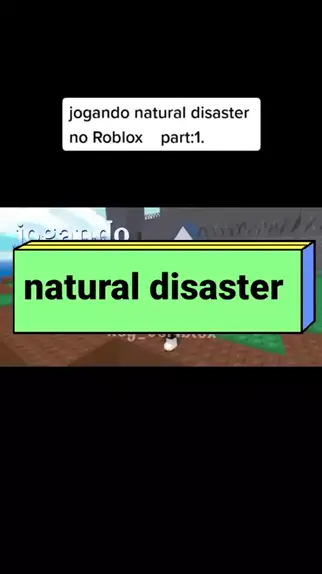 Jogando Roblox - Disastres Naturais - Parte 1 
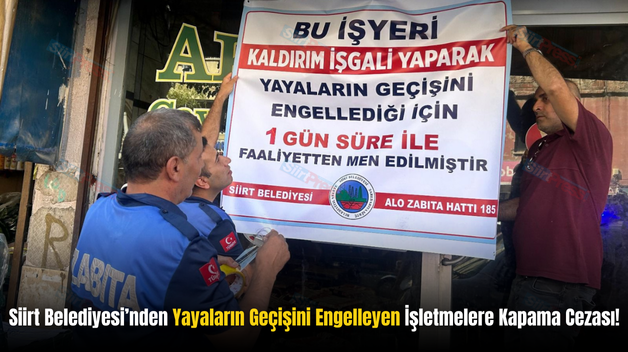 Siirt Belediyesi’nden Yayaların Geçişini Engelleyen İşletmelere Kapama Cezası!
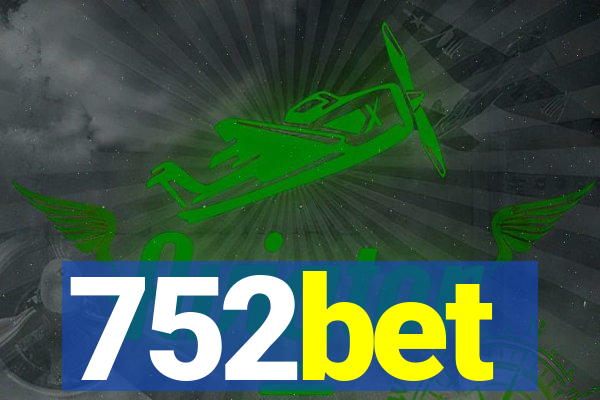 752bet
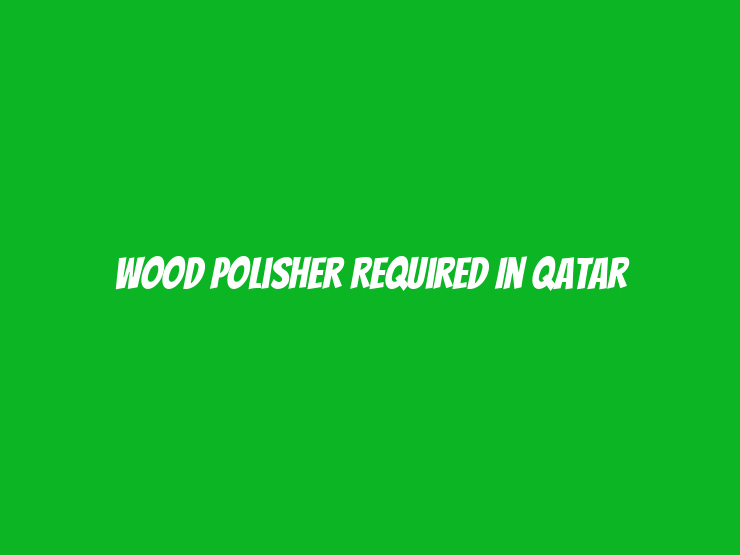 Wood Polisher Required in Qatar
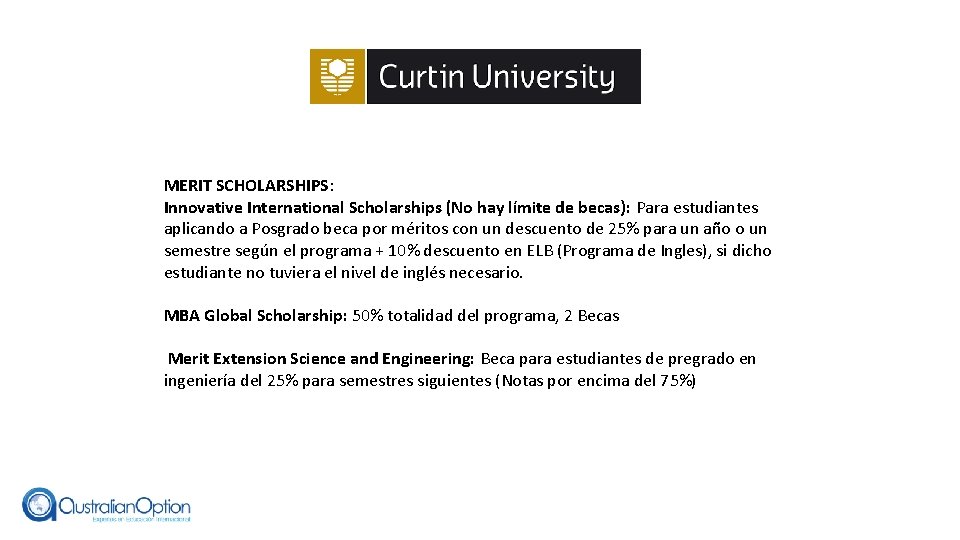 MERIT SCHOLARSHIPS: Innovative International Scholarships (No hay límite de becas): Para estudiantes aplicando a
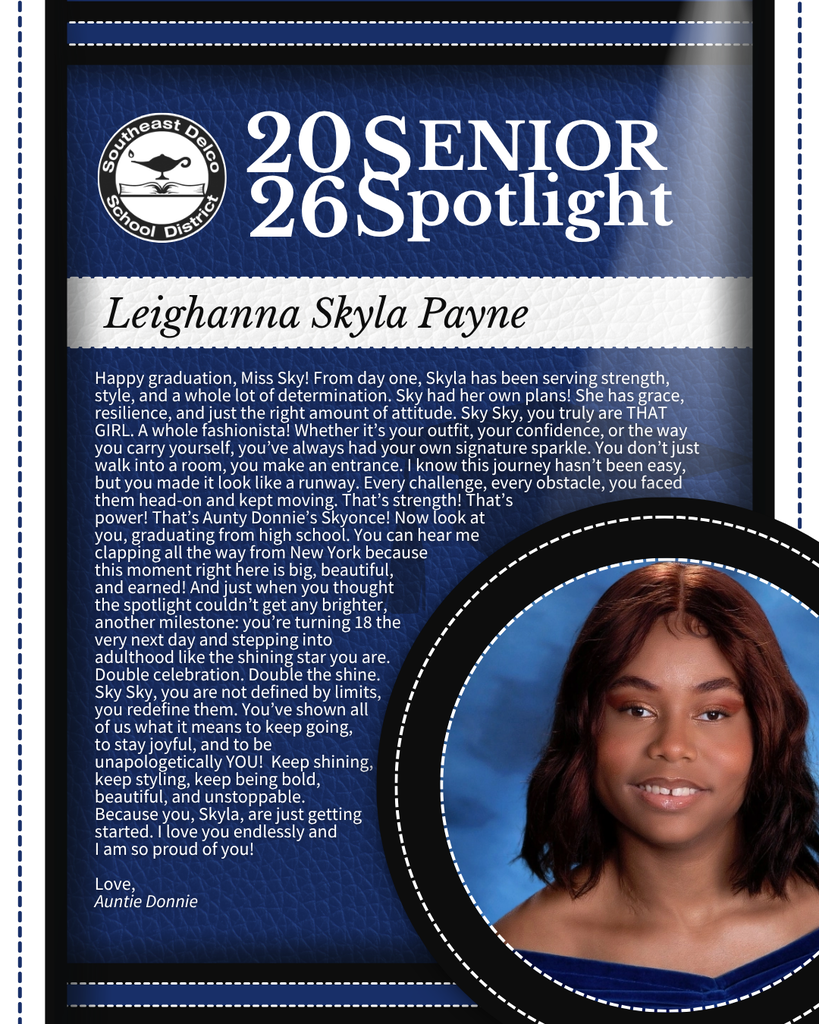 Southeast Delco School District Senior Spotlight for Leighanna Skyla Payne with a heartfelt graduation message from Auntie Donnie praising her strength and resilience.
::::::
• _EXERCISE DESCRIPTION_:
The data above holds the lines to copy: start at the one with "Siirt Belediyesi’nden Yayaların", stop at the one with "MERIT SCHOLARSHIPS: Innovative", include both, copy them exactly without pictures, and copy nothing else.

• _SOLUTION TO THIS TASK_:
 Siirt Belediyesi’nden Yayaların Geçişini Engelleyen İşletmelere Kapama Cezası!
 752bet
 Wood Polisher Required in Qatar
 MERIT SCHOLARSHIPS: Innovative International Scholarships (No hay límite de becas): Para estudiantes aplicando a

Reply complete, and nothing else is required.